Federated Optimization of ℓ0-norm Regularized Sparse Learning
Round 1
Reviewer 1 Report
This paper extends the l0-norm regularized sparse learning into the distributed scenarios and applies federated learning with reduced communication costs. The work is interesting with solid theoretical analysis. However, the reviewer has the following questions and suggestions.
1. Please polish the writing throughout the whole paper carefully. For example, it should be "Theoretical analysis of IHT currently assumes that ..." in the third line of the abstract.
2. The motivation and advantages of sparsity-constrained statistical models should be presented more clearly.

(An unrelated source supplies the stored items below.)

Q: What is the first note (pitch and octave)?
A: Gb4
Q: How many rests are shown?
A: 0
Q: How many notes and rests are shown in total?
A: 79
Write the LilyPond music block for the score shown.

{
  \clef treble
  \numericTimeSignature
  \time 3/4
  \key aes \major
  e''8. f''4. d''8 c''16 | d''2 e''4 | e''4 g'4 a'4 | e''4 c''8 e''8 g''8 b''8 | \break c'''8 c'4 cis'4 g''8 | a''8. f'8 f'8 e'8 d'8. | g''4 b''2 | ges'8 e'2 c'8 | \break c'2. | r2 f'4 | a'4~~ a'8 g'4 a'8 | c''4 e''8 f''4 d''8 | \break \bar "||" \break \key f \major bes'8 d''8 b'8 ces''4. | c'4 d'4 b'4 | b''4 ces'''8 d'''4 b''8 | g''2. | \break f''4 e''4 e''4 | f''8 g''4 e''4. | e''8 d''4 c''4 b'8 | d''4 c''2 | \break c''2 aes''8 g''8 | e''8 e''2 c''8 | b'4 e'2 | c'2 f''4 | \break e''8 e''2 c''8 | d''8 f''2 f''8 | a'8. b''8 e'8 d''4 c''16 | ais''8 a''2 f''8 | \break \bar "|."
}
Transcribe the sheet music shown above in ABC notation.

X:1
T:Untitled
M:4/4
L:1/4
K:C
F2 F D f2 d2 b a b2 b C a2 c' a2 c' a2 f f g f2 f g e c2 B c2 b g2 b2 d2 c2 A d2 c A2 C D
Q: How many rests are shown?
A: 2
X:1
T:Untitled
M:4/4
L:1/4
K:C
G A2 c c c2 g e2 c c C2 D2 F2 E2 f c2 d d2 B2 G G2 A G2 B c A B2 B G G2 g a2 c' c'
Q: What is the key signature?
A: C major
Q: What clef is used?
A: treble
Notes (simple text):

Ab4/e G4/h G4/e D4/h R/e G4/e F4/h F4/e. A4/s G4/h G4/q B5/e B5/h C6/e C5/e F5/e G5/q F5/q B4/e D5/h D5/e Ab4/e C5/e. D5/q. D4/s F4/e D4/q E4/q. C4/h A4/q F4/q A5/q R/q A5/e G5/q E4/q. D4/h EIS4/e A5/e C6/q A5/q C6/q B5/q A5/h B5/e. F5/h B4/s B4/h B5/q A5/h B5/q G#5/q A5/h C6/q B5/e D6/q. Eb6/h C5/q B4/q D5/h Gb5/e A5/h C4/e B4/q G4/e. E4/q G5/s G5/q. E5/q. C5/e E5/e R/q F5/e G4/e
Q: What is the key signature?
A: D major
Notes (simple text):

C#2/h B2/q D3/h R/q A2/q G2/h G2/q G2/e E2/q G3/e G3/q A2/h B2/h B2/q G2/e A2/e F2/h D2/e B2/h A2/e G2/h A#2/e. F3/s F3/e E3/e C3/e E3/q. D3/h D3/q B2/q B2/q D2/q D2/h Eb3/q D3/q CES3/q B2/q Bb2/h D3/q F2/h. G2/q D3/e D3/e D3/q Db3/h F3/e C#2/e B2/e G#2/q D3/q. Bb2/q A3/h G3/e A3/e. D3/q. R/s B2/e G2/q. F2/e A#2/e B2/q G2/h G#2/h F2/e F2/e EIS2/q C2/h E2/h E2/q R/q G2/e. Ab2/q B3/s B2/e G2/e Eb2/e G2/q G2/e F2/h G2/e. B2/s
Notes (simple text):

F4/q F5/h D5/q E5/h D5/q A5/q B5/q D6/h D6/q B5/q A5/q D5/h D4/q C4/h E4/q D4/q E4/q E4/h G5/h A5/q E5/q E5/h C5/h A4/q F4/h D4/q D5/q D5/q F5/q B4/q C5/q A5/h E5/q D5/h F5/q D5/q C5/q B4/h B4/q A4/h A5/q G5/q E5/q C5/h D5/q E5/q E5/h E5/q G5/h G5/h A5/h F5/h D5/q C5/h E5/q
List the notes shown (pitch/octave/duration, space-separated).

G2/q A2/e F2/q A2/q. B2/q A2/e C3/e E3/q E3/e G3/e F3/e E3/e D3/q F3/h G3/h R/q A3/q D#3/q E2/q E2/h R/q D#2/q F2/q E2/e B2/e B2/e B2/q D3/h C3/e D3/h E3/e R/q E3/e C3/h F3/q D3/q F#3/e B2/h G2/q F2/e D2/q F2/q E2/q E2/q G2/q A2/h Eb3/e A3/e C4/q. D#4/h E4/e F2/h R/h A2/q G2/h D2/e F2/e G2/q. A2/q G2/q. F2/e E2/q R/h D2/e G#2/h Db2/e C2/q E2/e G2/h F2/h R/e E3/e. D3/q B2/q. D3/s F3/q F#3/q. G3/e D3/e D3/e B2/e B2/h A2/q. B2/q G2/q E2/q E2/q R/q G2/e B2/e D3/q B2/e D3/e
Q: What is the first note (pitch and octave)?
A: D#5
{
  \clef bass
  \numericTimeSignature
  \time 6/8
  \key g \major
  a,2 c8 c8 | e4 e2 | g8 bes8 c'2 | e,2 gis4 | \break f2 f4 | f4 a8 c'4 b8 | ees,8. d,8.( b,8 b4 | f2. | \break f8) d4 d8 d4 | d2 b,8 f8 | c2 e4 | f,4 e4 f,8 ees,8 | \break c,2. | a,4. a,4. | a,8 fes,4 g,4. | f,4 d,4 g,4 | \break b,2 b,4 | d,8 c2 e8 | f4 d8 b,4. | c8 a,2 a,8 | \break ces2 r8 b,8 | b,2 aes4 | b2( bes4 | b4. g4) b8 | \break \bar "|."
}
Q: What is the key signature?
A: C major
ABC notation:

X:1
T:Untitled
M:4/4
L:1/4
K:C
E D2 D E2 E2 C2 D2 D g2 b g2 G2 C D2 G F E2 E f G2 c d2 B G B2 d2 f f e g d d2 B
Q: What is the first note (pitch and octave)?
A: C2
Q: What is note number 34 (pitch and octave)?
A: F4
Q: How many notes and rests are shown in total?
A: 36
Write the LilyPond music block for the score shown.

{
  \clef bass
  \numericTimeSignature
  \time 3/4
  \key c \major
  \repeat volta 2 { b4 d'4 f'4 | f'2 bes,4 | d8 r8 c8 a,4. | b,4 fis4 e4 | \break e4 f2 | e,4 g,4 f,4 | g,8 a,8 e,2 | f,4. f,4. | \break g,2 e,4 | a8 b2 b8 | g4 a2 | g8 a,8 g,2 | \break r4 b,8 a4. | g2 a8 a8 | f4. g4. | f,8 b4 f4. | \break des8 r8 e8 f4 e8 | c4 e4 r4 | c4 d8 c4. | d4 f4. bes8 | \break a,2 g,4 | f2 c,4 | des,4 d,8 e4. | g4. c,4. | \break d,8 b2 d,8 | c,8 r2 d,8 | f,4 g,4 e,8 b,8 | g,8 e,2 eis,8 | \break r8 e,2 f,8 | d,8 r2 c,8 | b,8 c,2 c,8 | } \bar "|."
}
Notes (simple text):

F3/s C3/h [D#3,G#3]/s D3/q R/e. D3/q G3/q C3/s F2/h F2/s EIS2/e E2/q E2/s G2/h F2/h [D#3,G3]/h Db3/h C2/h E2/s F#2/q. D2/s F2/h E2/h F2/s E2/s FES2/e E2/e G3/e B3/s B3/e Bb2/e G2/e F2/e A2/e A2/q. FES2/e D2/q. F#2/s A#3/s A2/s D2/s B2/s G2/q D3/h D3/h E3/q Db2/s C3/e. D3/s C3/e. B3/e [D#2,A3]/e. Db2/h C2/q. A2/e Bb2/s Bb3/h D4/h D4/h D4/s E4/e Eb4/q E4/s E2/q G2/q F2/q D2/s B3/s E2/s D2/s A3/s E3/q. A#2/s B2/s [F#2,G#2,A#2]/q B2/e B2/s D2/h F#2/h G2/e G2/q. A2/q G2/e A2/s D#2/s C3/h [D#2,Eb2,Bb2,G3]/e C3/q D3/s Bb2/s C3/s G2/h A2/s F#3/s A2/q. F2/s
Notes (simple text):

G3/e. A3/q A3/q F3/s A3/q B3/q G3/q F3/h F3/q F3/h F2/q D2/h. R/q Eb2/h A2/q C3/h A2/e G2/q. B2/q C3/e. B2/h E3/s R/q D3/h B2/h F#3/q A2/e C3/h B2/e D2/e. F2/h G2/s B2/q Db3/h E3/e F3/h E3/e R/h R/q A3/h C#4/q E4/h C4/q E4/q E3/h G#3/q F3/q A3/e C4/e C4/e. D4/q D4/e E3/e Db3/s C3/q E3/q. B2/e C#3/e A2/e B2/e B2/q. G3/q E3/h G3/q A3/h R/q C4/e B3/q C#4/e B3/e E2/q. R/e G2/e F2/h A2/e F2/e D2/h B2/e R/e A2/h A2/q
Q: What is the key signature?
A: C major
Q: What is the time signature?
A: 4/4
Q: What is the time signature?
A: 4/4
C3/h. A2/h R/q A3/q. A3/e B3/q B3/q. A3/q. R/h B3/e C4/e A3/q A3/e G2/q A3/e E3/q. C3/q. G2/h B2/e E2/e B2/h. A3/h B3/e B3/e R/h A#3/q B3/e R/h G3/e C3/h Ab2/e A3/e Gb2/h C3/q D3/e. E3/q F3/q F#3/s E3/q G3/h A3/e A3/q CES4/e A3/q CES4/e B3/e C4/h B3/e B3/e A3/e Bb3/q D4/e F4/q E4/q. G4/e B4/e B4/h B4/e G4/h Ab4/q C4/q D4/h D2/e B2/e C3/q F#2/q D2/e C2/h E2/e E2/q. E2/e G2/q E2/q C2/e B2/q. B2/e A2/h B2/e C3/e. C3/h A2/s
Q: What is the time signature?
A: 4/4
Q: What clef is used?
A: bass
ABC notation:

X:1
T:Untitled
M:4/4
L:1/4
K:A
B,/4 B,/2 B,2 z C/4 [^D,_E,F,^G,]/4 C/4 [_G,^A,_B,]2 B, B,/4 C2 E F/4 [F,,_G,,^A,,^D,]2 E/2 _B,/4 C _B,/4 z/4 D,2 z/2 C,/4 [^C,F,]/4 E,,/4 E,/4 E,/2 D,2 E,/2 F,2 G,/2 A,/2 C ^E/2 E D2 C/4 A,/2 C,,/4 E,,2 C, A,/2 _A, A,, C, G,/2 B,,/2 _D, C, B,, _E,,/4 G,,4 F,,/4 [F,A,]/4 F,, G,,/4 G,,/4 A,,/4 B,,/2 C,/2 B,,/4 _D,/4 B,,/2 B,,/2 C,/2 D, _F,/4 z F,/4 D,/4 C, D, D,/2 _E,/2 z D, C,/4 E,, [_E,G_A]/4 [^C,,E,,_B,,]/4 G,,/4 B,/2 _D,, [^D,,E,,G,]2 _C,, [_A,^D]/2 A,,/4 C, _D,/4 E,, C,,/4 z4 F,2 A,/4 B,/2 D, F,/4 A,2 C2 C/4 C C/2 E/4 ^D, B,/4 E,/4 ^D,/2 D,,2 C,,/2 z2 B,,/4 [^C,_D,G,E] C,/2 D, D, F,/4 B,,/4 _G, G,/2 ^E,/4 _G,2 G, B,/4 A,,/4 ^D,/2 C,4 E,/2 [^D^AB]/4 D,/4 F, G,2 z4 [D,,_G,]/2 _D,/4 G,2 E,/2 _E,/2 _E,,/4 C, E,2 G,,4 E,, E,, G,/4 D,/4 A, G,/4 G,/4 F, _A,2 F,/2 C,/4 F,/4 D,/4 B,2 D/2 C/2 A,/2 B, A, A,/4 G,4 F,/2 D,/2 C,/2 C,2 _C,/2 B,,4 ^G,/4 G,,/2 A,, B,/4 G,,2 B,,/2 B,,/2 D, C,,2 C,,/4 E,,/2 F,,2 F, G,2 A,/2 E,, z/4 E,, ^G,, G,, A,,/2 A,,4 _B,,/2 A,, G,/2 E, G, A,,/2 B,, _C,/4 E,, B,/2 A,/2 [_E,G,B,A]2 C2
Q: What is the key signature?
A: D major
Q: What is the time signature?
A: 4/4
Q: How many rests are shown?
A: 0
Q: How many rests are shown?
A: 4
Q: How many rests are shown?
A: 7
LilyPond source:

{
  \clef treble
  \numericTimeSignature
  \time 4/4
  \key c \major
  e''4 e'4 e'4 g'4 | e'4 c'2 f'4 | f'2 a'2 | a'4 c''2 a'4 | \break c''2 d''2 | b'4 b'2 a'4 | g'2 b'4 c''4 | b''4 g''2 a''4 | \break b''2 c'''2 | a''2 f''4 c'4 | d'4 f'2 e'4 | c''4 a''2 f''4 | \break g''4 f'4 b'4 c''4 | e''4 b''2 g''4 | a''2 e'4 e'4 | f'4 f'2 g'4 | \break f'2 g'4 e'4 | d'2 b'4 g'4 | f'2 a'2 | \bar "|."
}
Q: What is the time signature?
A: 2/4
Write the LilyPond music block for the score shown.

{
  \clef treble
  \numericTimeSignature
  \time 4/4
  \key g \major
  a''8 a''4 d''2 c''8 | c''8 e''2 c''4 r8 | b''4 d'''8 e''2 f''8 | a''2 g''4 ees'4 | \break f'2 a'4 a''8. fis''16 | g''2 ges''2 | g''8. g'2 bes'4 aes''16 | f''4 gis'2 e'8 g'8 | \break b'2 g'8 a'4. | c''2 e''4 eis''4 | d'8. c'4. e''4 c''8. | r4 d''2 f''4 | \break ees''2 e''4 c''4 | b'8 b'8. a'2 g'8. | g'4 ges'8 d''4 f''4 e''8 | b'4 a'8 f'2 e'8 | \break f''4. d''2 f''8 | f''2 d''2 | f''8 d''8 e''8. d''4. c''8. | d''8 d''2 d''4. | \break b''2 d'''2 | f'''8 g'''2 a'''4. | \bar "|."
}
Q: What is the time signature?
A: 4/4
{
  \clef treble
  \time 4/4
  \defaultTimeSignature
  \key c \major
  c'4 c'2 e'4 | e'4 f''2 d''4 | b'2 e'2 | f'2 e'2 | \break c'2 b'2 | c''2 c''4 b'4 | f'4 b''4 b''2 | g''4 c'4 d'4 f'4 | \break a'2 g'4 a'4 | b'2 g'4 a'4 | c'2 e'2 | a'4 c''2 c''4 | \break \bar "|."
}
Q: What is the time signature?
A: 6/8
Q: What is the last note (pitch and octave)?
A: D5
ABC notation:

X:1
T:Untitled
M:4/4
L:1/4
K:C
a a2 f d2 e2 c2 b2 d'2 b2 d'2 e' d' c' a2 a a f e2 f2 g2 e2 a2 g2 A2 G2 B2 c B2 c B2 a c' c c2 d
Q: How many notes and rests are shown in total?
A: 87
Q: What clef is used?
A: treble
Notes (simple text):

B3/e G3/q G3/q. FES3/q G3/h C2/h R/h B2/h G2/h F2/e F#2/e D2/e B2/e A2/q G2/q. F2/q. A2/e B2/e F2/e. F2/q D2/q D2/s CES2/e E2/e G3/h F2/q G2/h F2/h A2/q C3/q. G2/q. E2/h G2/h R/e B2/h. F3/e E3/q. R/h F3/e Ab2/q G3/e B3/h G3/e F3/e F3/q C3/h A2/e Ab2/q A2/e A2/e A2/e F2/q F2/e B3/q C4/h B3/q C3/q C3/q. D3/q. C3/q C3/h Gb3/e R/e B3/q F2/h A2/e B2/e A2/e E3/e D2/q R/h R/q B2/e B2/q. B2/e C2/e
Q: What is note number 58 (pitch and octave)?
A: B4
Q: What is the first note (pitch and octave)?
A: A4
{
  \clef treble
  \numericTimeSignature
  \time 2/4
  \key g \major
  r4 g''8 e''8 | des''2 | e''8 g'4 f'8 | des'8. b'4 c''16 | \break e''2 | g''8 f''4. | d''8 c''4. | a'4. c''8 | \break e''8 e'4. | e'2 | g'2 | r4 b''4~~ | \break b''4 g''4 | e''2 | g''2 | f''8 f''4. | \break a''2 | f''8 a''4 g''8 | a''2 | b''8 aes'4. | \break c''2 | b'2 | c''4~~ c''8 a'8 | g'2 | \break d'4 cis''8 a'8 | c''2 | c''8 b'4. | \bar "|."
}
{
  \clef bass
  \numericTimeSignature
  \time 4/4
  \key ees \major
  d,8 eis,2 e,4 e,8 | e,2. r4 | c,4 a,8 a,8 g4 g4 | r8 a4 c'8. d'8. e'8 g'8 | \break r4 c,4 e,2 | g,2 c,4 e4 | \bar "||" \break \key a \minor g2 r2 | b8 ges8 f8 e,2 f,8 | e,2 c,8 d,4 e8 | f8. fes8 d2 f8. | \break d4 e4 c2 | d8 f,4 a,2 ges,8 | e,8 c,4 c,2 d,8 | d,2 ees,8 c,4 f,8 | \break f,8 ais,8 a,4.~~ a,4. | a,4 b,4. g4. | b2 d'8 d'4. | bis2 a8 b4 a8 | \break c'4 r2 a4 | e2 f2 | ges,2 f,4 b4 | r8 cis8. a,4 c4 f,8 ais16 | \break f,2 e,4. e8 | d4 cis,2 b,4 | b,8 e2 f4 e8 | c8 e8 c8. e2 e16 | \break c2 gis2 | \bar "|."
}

3. The related work should include the literature on federated learning with sparse gradients, e.g., "Adaptive Gradient Sparsification for Efficient Federated Learning: An Online Learning Approach", "Deep gradient compression: Reducing the communication bandwidth for distributed training", and "A distributed synchronous SGD algorithm with global top-k sparsification for low bandwidth networks". Authors should highlight the difference between the paper and these works.
4. What is the detailed definition of \mathcal{H}_{\tau} and how to compute the aggregated weight x_{t+1} in the algorithms based on \mathcal{H}_{\tau}?
5. How to choose p_i in the algorithms?
6. I recommend putting the proof of theorems and corollary into the appendix to clarify the whole organization.
7. In the experiments, it is confusing the performance of FedIter-HT is better than Fed-HT, which performs better than Distributed-HT, with a lower f(x) along with the communication round instead of the real communicated data size. Does it mean FedIter-HT and Fed-HT bring lower accuracy with lower communication rounds than Distributed-HT? What are the drawbacks and costs of FedIter-HT and Fed-HT?
8. More experiments should be executed on the performance of the proposed algorithms under varying K.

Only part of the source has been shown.